All user-contributed Web content needs pre-moderation

In the mid-1990s when I started building online communities I didn’t understand why publishers like Amazon pre-moderated all user-contributed content such as comments.  The vast majority of users were intelligent and well-meaning and only a small fraction of material had to be deleted.  It seemed like it wasn’t worth interrupting the flow of conversation and exchange to ensure that an off-topic posting never saw the light of day.  It would be intercepted within a day or so and deleted in any case.
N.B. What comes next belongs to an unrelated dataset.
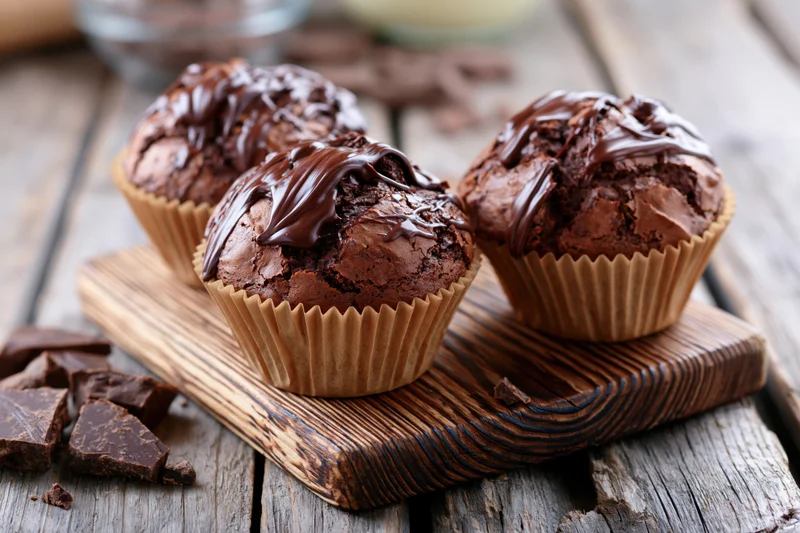 Three chocolate muffins with chocolate glaze on a wooden board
The Manila software that Harvard runs behind these blogs shows the foolishness of my point of view.  More than 90 percent of the comments posted to this blog are link spammers trying to increase their Google rank by adding comments to old and forgotten postings.  Manila makes it impossible to delete this spams except one by one, each one requiring a several page process of confirmation.  In the old ArsDigita Community System we had a “delete all from this user” and “delete all from this IP address” option that made it a lot easier.  But in the Age of Spam what we really need is pre-moderation.  Maybe there should be an option for a vibrant interactive discussion that content goes live for 24 hours without being approved but otherwise given the small percentage of useful non-spam content it seems that the only answer is that nothing goes public without approval.


Another reason to program in pre-approval only is that eventually the moderators of every online forum find other things to do with their lives.  The server doesn’t realize this and soldiers on processing postings.  Spammers discover a happy home and the database fills up with crud.  Software should be robust to the moderator disappearing and in an Internet that is mostly spam that means approval-required-before-going-live.

25 thoughts on “All user-contributed Web content needs pre-moderation

  1. Both of the blogging tools that I have used (MovableType and WordPress) have features that make the kind of filtering you describe possible. I’m sure many others do as well.

  2. I’ve hacked WordPress to require additional, trivial input (“Are you a spammer?”, with the default response set to yes) upon comment submission. Without screwing around with blacklists, moderation, registration, etc., that stopped all comment spam. The user response is saved to a cookie, so they only have to set it the first time they post a comment.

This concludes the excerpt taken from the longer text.